Vivi grande
parte da minha vida na Praceta Ferreira de Castro, em Agualva. Foi um óptimo
lugar para se viver uma infância: tinha um parque infantil e um jardim. O parque,
aquando do programa Polis, deu lugar a um estacionamento. O jardim foi perdendo
ao longo da duas últimas décadas o esplendor de outrora, em que era o único
jardim da freguesia e o cenário das tradicionais fotos de casamento.
A praceta
foi habitada, na década de 60, por muito casais oriundos da migração do
interior do pais, em busca de melhores condições de vida do que as que teriam
na exploração dos pequenos terrenos agrícolas familiares. Aqui, cresceu uma
geração de rapazes (eram quase 30), entre os quais os meus irmãos (nós,
raparigas, éramos em menor número), que se reuniam nos seus bancos, sempre sob
o olhar de uma qualquer vizinha. O jardim era um espaço familiar, vigiado (pelo
olho de falcão da D. Ana e restantes vizinhos) e respeitado.
Mas as
gerações crescem e vão à sua vida fora da praceta.
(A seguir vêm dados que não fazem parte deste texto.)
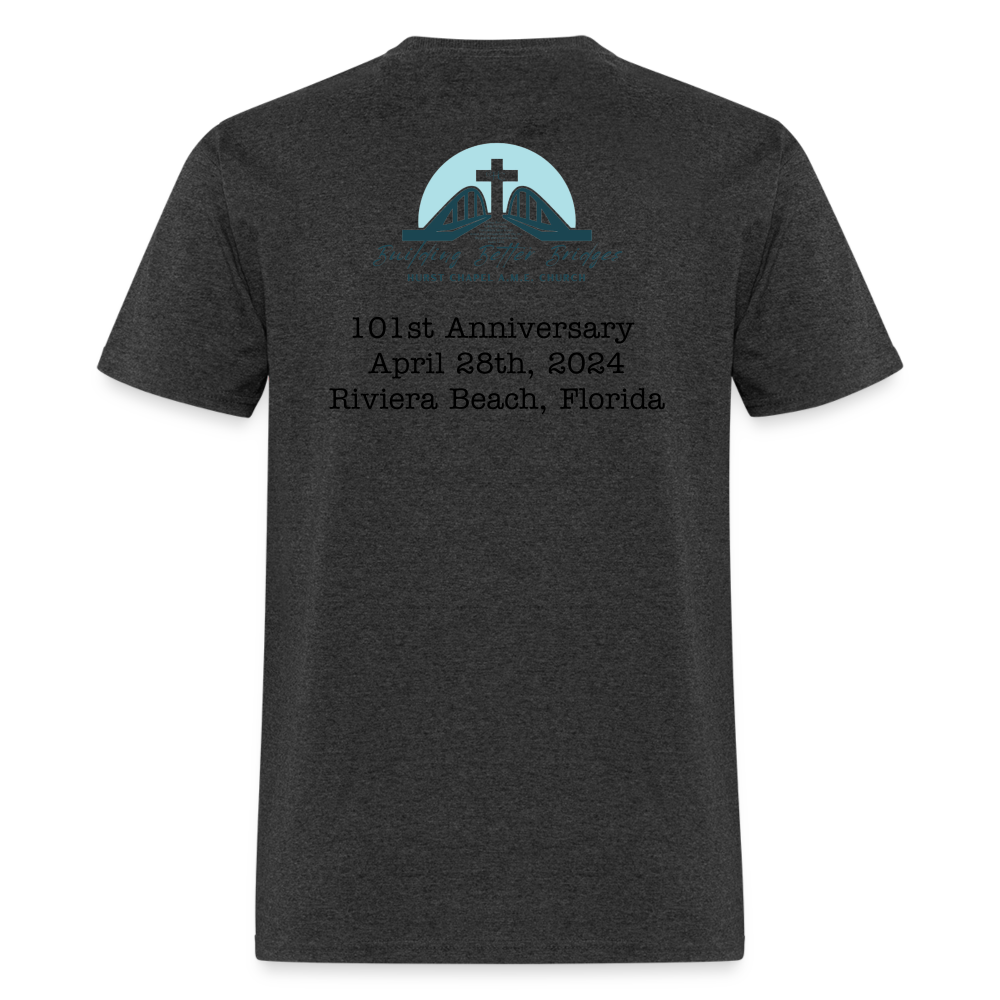 101st Anniversary Tees - heather black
Alguns vizinhos mudam-se,
outros despedem-se desta vida. As casa recebem novos moradores. Moradores para
quem a praceta é o local onde dormem e não o local onde os seus filhos crescem
em comunidade na rua. Pessoas com outros valores que não o de vigiar um jardim
que o descaso de uns, a falta de empenho de outros e o vandalismo de estranhos
foi votando ao desleixo.
Que solução
para este local? Muitos gostariam apenas de vê-lo transformado em mais lugares
de estacionamento. Esquecem que o verde, uma vez perdido, nunca mais retorna. Outros,
a velha guarda, querem o esplendor de há 45 anos. Desenganem-se. O tempo segue
em frente e já nada será como era e há que perceber que a solução não pode
passar só pela afectividade, que também não pode nem deve ser negligenciada
pelos decisores. No entanto, é possível devolver a dignidade a este espaço.
Eu acredito
na valorização deste espaço. Terá de ser um jardim renovado, mas diferente de
outras décadas. Hoje, os valores e as prioridades são outros.
Hoje, as
novas gerações crescem dentro de 4 paredes em frente aos computadores. As mães
e avós trabalham a tempo inteiro. Isto é, se não estiverem à procura de um
trabalho, o lhes ocupa igual tempo. Hoje, o medo da violência e represálias de
uns quantos vândalos impede a resistência dos mais velhos. Hoje, os valores da
cidadania são praticados mas só a nível das exigências e não no que está ao
nosso alcance e à nossa frente: a preservação de um espaço que é de todos.
Sempre que
retorno à praceta onde os meus pais se estabeleceram após o casamento, criaram
três filhos e fizeram amizades de toda uma vida, fico triste com o estado do
meu jardim. Tecnicamente, não sei quais as melhores soluções, mas sei que já
todas foram apresentadas. O meu senso diz-me que a vigilância e cuidados
regulares, a rega e a plantação apropriadas darão os seus frutos. Talvez demore
ainda uns meses a ver os resultados desejados. Mas também acredito que um
jardim cuidado possa fazer com que novas gerações voltem a sentir o afecto que
todos sentimos.
Se mais não
posso pedir, posso, no entanto, dar este testemunho. Peço a todos que lutem por
este espaço que é de todos e para que este venha a ter um novo esplendor. Merece
a freguesia e merecemos todos nós que aqui residimos e trabalhamos.